Saat Guru di Riau Ogah Mengajar di Perkampungan

Pekanbaru, Gatra.com - Ketimpangan pembangunan antar wilayah di Provinsi Riau ternyata turut andil mempengaruhi sebaran tenaga pendidik. 
 
Menurut Ketua Komisi V DPRD Riau, Aherson, banyak guru-guru yang  mengelak jika ditempat kan di daerah rural (terpencil). Sikap itu dipicu oleh bayangan sulitnya hidup di kawasan pinggiran atau terpencil. Kondisi yang justru berbeda dengan kehidupan guru di perkotaan. Inilah yang kemudian membikin sekolah-sekolah di kawasan pinggiran dan terpencil kekurangan guru. 
 
"Ini kan tidak baik,  guru-guru itu statusnya Pegawai Negeri Sipil (PNS),  PNS itu mestinya bersedia ditempatkan di mana saja," kata politisi Partai Demokrat ini kepada Gatra.com, Selasa (8/7). 
 
Adapun jumlah sekolah menengah atas (SMA) di Riau saat ini lebih dari 300 sekolah.

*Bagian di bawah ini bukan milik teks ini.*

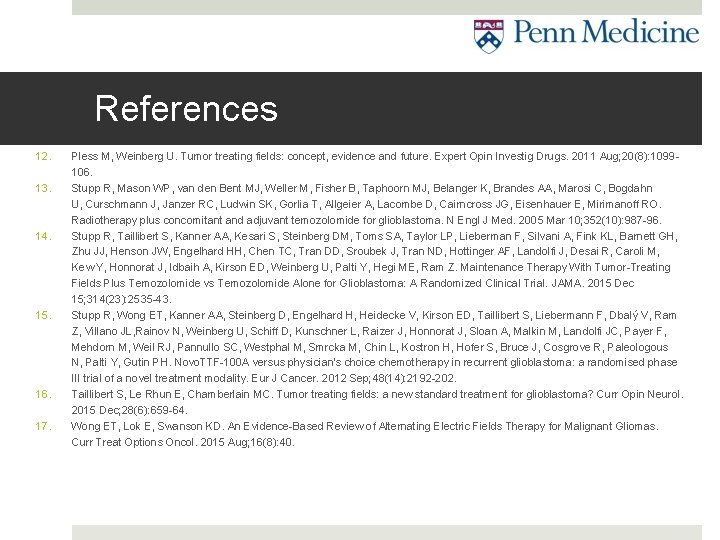 References 12. 13. 14. 15. 16. 17. Pless M, Weinberg U. Tumor treating fields: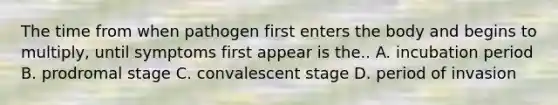 The time from when pathogen first enters the body and begins to multiply, until symptoms first appear is the.. A. incubation period B. prodromal stage C. convalescent stage D. period of invasion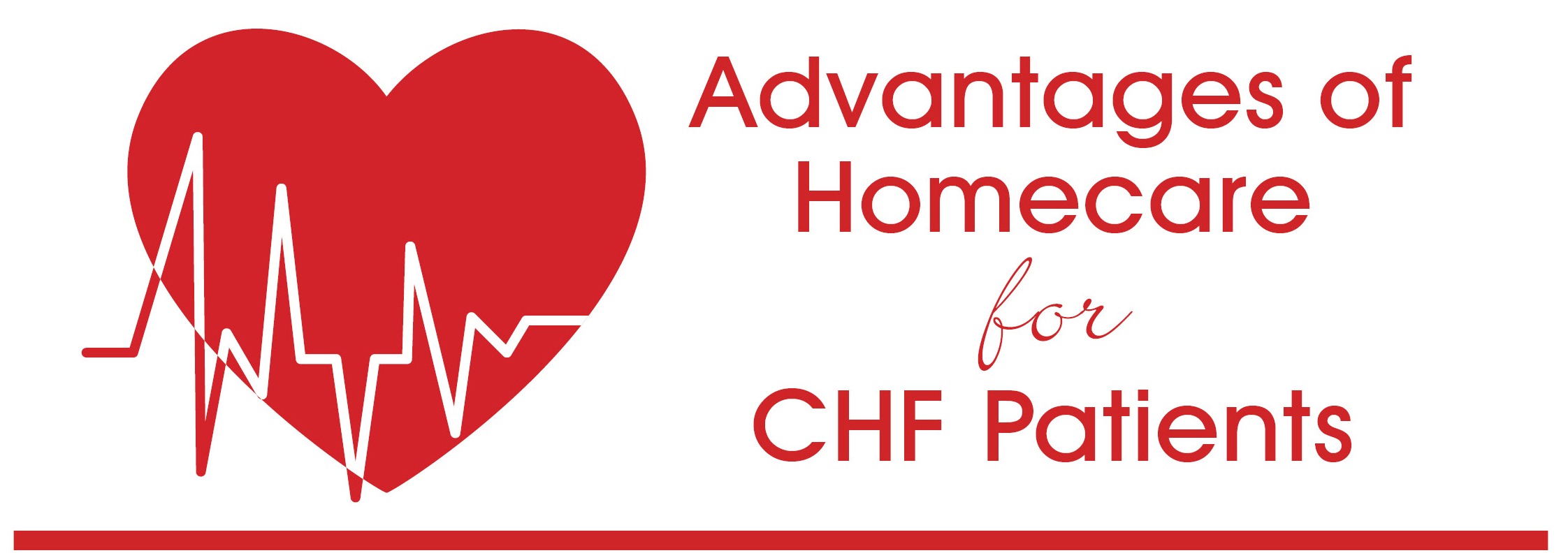 5 Advantages of Home Heath for CHF Patients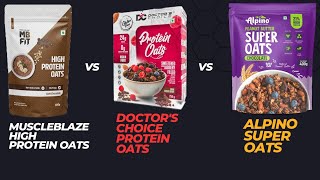 Alpino Super Oats vs Muscleblaze High Protein Oats vs Doctors Choice Protein Oats [upl. by Roze]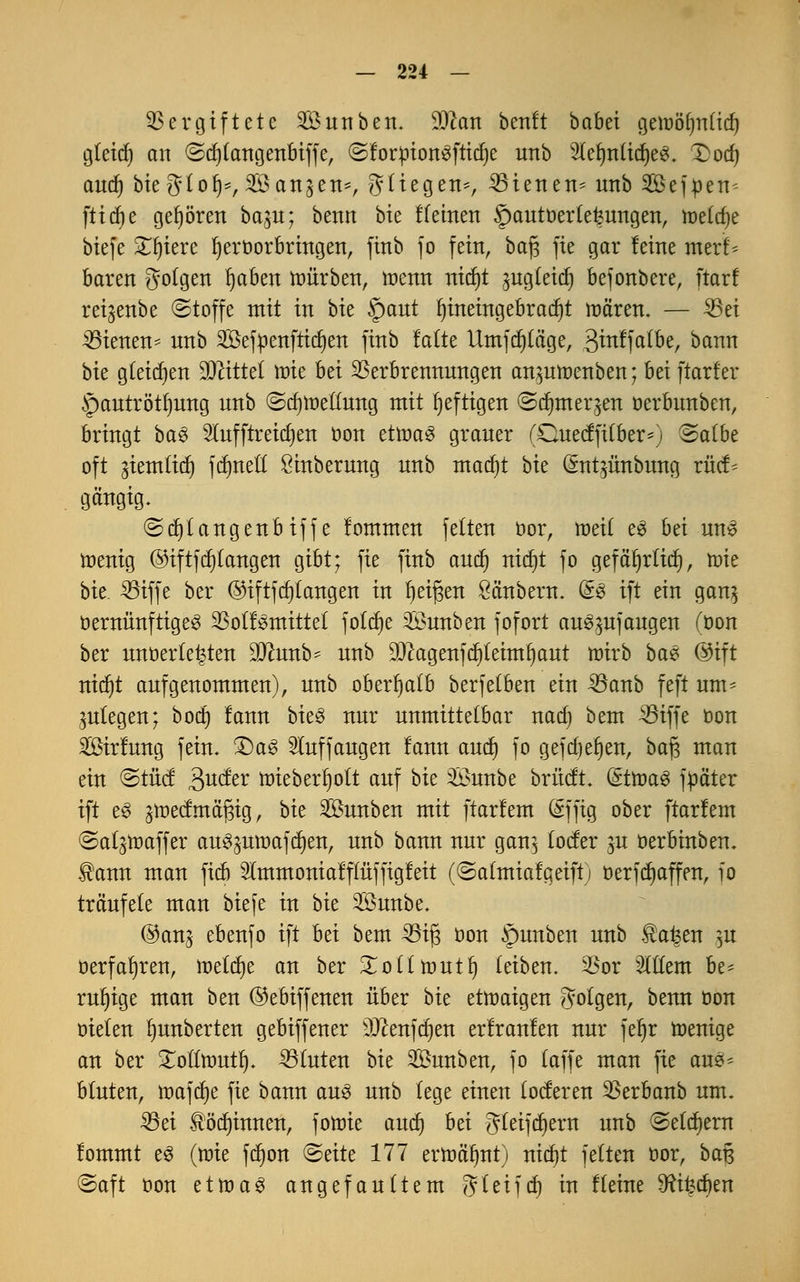 Vergiftete Sunben. äftcm beult babei gemöfynftd) gteicf) an @d)(angenbiffe, ©forttionSftid)e unb 3(efm(id)e3. Dodj and) bieg(ol)=, ^Öan^en*, $iu%tti*, dienen* unb SBejpen* ftidje gehören ba$u; benn bie f feinen §autöer(efeungen, meiere biefe Spiere hervorbringen, finb jo fein, baf; fie gar leine merl* baren gofgen ijabett würben, menn nidjt gug(eid) befonbere, ftarf rei^enbe ©toffe mit in bk §aut hineingebracht mären. — 35ei dienen* nnb Sefttenfticfyen finb latte Umfrage, 3itt!fa(be, bann bk gleiten Mittel \ok hä Verbrennungen anproenben; ht\ ftarf er §autrötfmng nnb @d}lneüung mit heftigen ©djmeqen oerbunben, bringt ba$ Sfufftreidjen von ttxotö graner (Cuecfftfber-j (Salbe oft gtemlirf) fct)net£ Sinberung unb madjt bk (*nt$ünbung rücf* gängig. ©d)(angenbiffe lommen fetten cor, meif e$ bei uns toenig ©tftfcr)tangerr gibt; fie finb and) nid)t fo gef äfjrficf), mie bie. Viffe ber @iftfd)tangen in Ijeigen Säubern. &$ ift ein gan^ vernünftiges Votlsmittel fo(d)e Snnben fofort anzufangen (oon ber unterteilen SJhmb- nnb $cagenfcf)feimijaut mvb bae ©ift nidjt aufgenommen), unb oberhalb berfefben ein 33anb feft um* anlegen; bod) lann bieg nur unmittelbar nad) bem Viffe von Sirlung fein. £)aS auffangen lann and) fo gefdjel)en, baj3 man ein <&tM Quätx lüteberfjott auf bk $Öunbe britdt. (ättoaS füäter ift e$ gtt)edmä'i3ig, bk SÖunben mit ftarfem dffig ober ftarlem ©atynaffer au^mtiafdjen, unb bann nur gan^ (oder gu oerbinben. $ann man fieb 2lmmoniafffüffigfeit (©afmialgeiftj üerfdjaffen, fo träufele man biefe in bk Sunbe. @ang ebenfo ift bei bem 33ij3 von §unben unb ®a^en g« Verfahren, meiere an ber £o((ttmtf) (eiben. Vor sMem be- ruhige man ben ©ebiffenen über bk etwaigen folgen, benn von oiefen fyunberten gebiffener ^enfe^en erfranlen nur feljr wenige an ber Xotlttmtfj. Stuten bk 2öunben, jo (äffe man fie au3* bluten, inafdje fie bann aus unb (ege einen (öderen Verbanb um. SSei Slödu'nnen, fotote and) hä g(eifd)ern unb (Settern lommt e3 (wie fd)on <&ätt 177 erroäfmt) nid)t feiten vor, baß (Saft von ettoa3 angefaultem JVUijdj ixt Keine 5Ri£d)en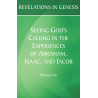 Revelations in Genesis: Seeing God's Calling in the Experiences of Abraham, Isaac, and Jacob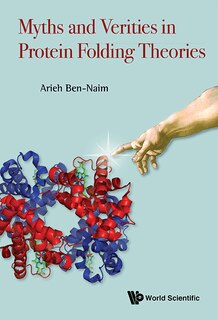 Front cover_Myths And Verities In Protein Folding Theories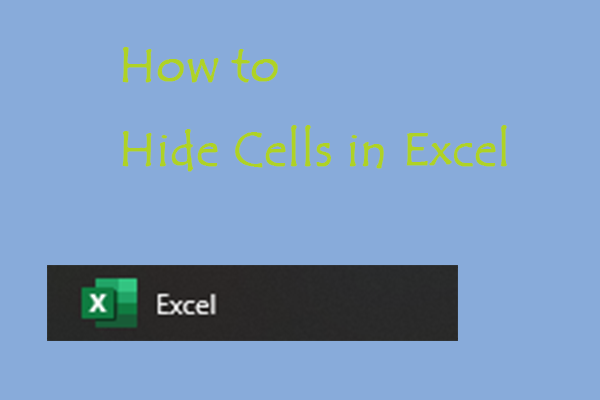 How to Hide Cells in Excel? [Step-by-Step Solutions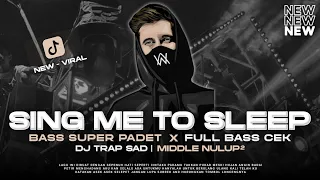 dj trap sad sing me to sleep style bass panjang super padet andalan cek sound viral terbaru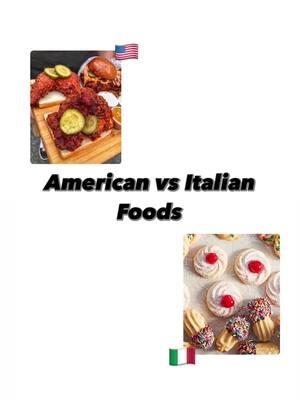 🇺🇸 vs 🇮🇹 #foryoupage #fyp #foryou #thisorthat #thisorthatchallenge #Foodie #italyvsamerica #thisorthatfood #foodgame #game #pinterest #aesthetic #italy #america #italian #viral #viralvideo #viraltiktok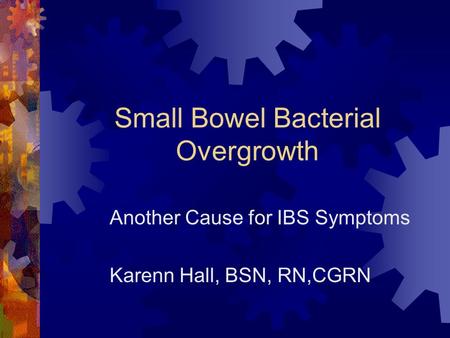 Small Bowel Bacterial Overgrowth Another Cause for IBS Symptoms Karenn Hall, BSN, RN,CGRN.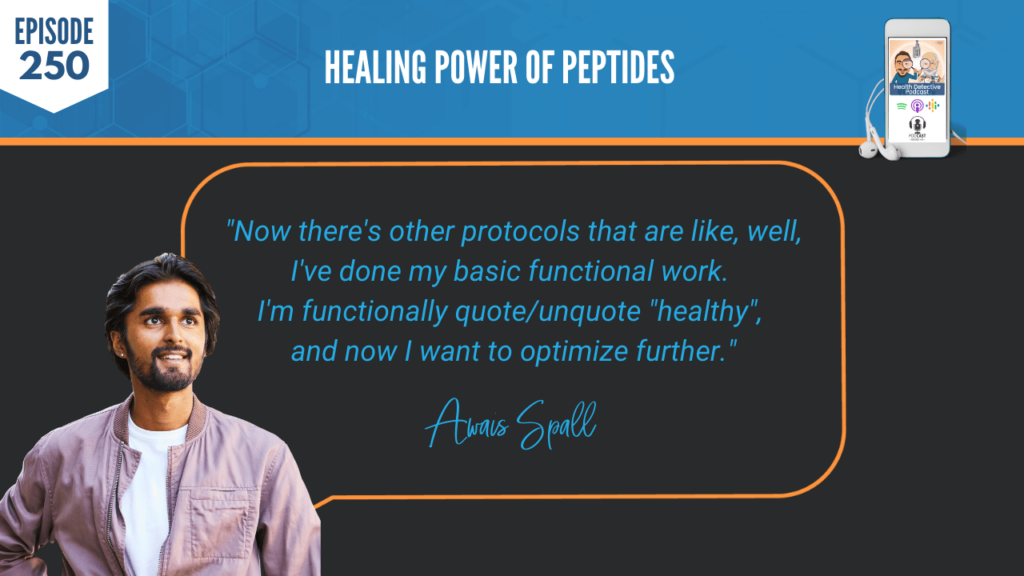 PEPTIDES, HEALING POWER OF PEPTIDES, AWAIS SPALL, DETECTIVE EV, FDN, FDNTRAINING, HEALTH DETECTIVE PODCAST, HEALTH, AMINO ACID CHAINS, PROTOCOLS, BASIC FUNCTIONAL WORK, HEALTHY, OPTIMIZE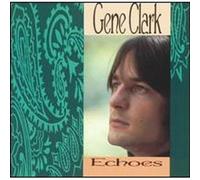 Gene Clark - Echoes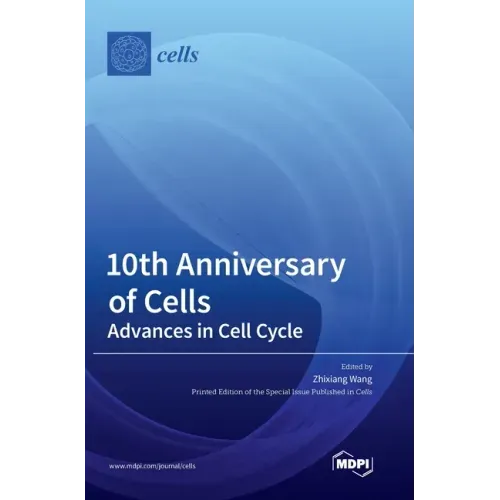 10th Anniversary of Cells: Advances in Cell Cycle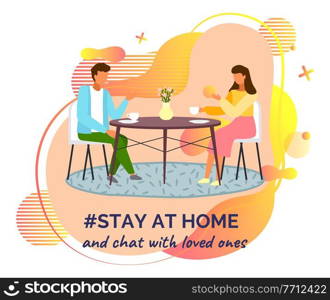 Stay at home and chat with loved ones. Communication, relationship. Quarantine self-isolation at home. Prevention of covid-19 or coronavirus. Virus outbreak. Couple of young man and woman talking. Stay at home and chat with loved ones, couple of young people talking with cup of tea, relationship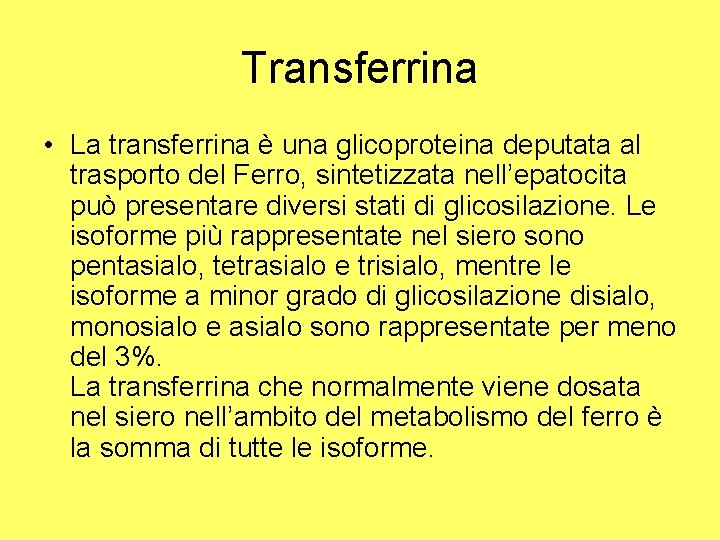 Transferrina • La transferrina è una glicoproteina deputata al trasporto del Ferro, sintetizzata nell’epatocita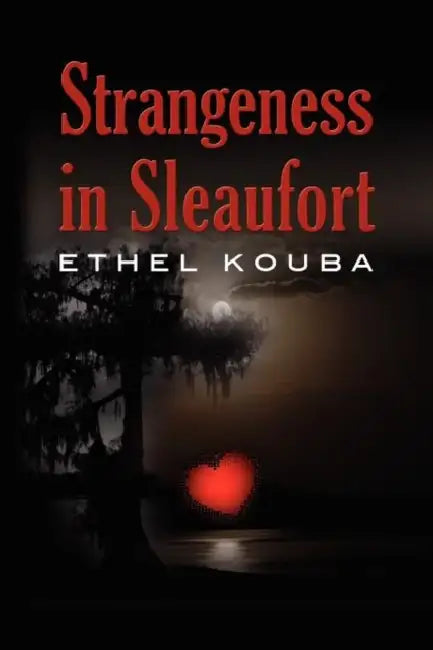 Strangeness in Sleaufort by Ethel Kouba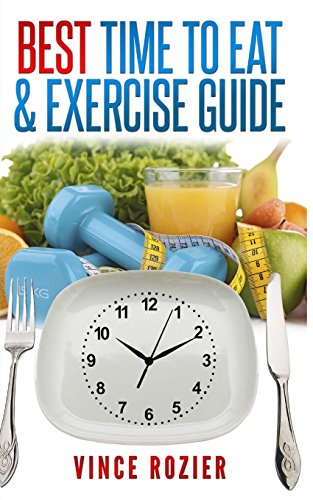 Best Time To Eat & Exercise Guide: The best time to exercise, eat (carbs, proteins, veggies, fruit,...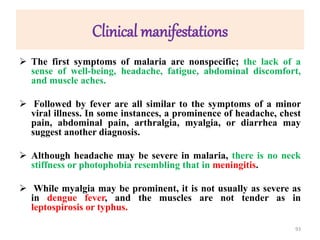 Clinical manifestations
 The first symptoms of malaria are nonspecific; the lack of a
sense of well-being, headache, fatigue, abdominal discomfort,
and muscle aches.
 Followed by fever are all similar to the symptoms of a minor
viral illness. In some instances, a prominence of headache, chest
pain, abdominal pain, arthralgia, myalgia, or diarrhea may
suggest another diagnosis.
 Although headache may be severe in malaria, there is no neck
stiffness or photophobia resembling that in meningitis.
 While myalgia may be prominent, it is not usually as severe as
in dengue fever, and the muscles are not tender as in
leptospirosis or typhus.
93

Sekolah ini selain berada di kawasan perkotaan atau dekat dengan perkotaan, juga menyebar di sejumlah kampung - kampung yang jauh dari keramaian. 
 
"Pemerintah atau Dinas Pendidikan harus punya solusi untuk hal ini, karena jika tenaga pengajar tidak menebar secara merata, maka itu akan berdampak pada kualitas anak didik," tambahnya. 
 
Keengganan guru-guru untuk masuk ke perkampungan,  menyebabkan tidak seimbangnya jumlah tenaga pengajar di suatu sekolah. Kata Aherson, di saat sebuah sekolah di perkotaan memiliki jumlah guru ekonomi yang banyak, di desa situasinya malah berbalik. 
 
"Mereka justru kekurangan,  meski tidak di semua desa," katanya. 
 
Sementara itu Gubernur Riau Syamsuar dalam rapat paripurna DPRD Riau, pernah mengatakan terdapat tujuh kabupaten/kota yang memiliki Indeks pembangunan manusia yang berada di bawah provinsi (71,79). Ketujuh daerah itu meliputi: Kabupaten Pelalawan, Kuantan Singingi, Indragiri Hulu, Rokan Hulu, Rokan Hilir, Rokan Hulu dan Kepulauan Meranti.